Mulhouse est la ville natale d’un génie européen unique, Jean-Henri Lambert, savant et philosophe, esprit universel en plein siècle des Lumières. Membre de l’Académie des sciences de Berlin, section Physique, de 1765 à sa mort en 1777. Il naquit en 1728, dans une famille d’artisans, le père était tailleur et Johann, le fils aîné, devait lui succéder.
Il n’avait pas douze ans, quand il inventa par la géométrie une méthode qui économisait l’étoffe que l’on coupait pour des chemises. à dix-huit ans, il gagna Bâle, engagé comme secrétaire par le juriste et historien Johann Rudolf Iselin. Deux ans plus tard, sur recommandation, il entra comme précepteur au service de la famille du comte von Salis à Chur. Il parcourt ensuite, l’Allemagne. Ce sera à Berlin que finalement il s’installera et s’imposera.
Sa mise au point des systèmes de projections qui seront appliqués pour des atlas et des cartes d’état-major, sa trigonométrie sphérique, ses techniques photométriques, sa théorie des comètes et sa cosmologie (exposées dans ses Cosmologische Briefe, 1761) le rendront célèbre parmi les savants, mathématiciens et astronomes. On lui doit aussi une démonstration du caractère nécessairement infini du nombre pi.
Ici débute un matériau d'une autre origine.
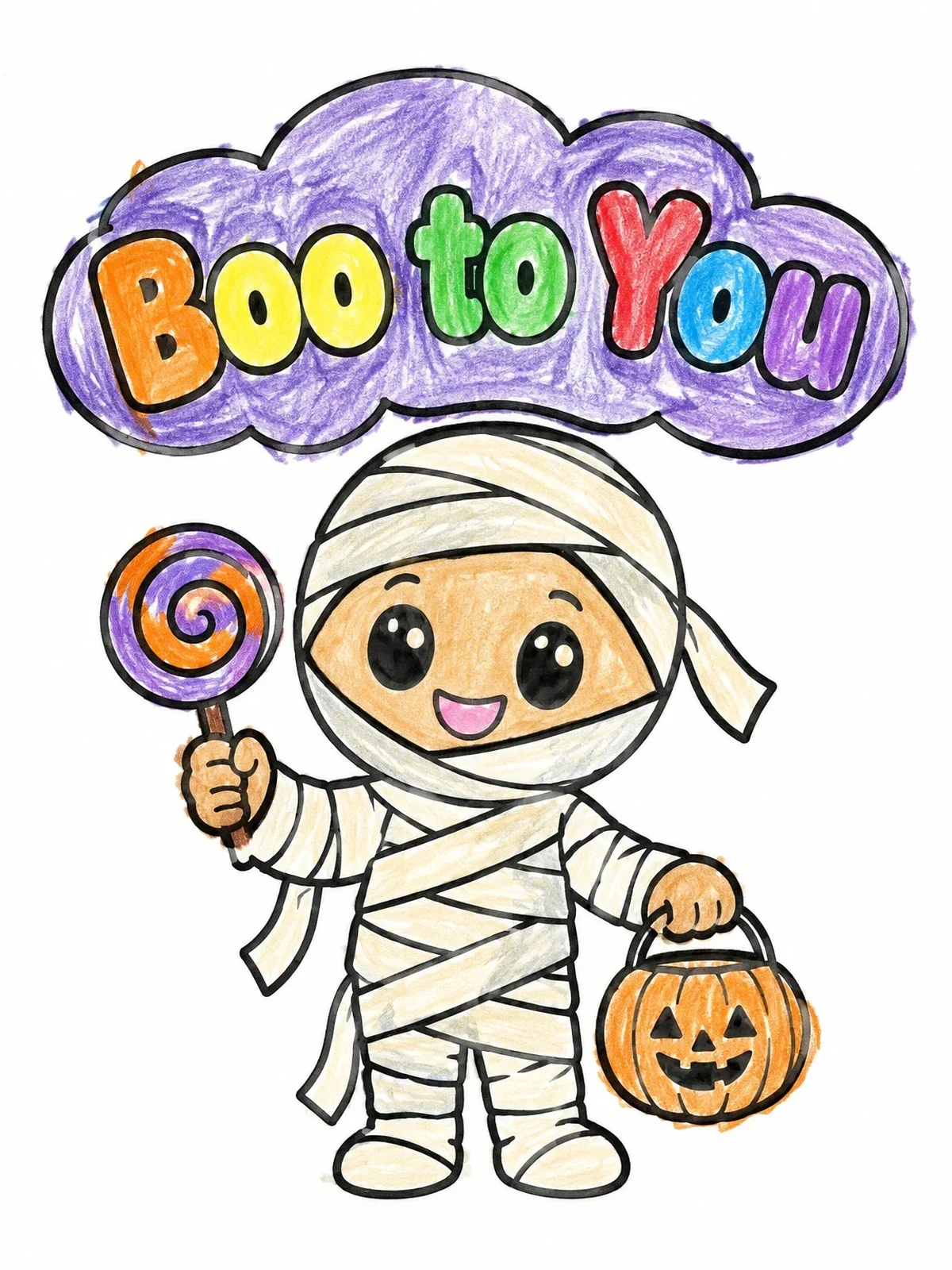 Colored example of the Cute Mummy With Halloween Treats coloring page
Une sorte d’affinité curieuse apparaît, aux yeux des historiens, entre la personnalité de Lambert, le profil de ses oeuvres scientifiques, riches d’applications techniques, et certaines caractéristiques de sa ville natale. On le présente comme « un symbole de Mulhouse ». à l’occasion du premier centenaire de sa naissance, la municipalité lui fit ériger une statue, la « colonne Lambert » surmontée d’un globe terrestre figurant la carte du ciel.
Pour caractériser sa philosophie, il a inventé le mot «Phénoménologie», qui ne connaîtra une grande fortune compliquée qu’avec Husserl au début du XXe siècle. Lui, Lambert, entendait par là assez simplement que la tâche rigoureuse des savants est d’observer, de décrire et de mesurer les phénomènes, les « choses mêmes ».
L’incontestable connaisseur, le grand spécialiste de la vie et des travaux scientifiques de Jean-Henri Lambert s’appelle Roger Jaquel, qui fut professeur d’histoire et de géographie au lycée de garçons de 1945 à 1968. Le fonds «Lambert» à la Bibliothèque de Mulhouse est un fonds Jaquel. Il avait légué par voie notariale toute sa documentation, près de 2000 ouvrages et dix sacs de fiches de toutes sortes, manuscrits, tapuscrits et reproduction de coupures de presse.
Quelle pouvait être la nationalité de ce « Leibniz alsacien». Trois nations réclament sa gloire : la France, la Suisse et l’Allemagne. Il faut faire l’effort intellectuel de se placer à une époque pré-nationale de l’Europe, son identité n’était en aucune façon « nationale» et le plus honnête en définitive est de l’identifier comme «savant et philosophe mulhousien».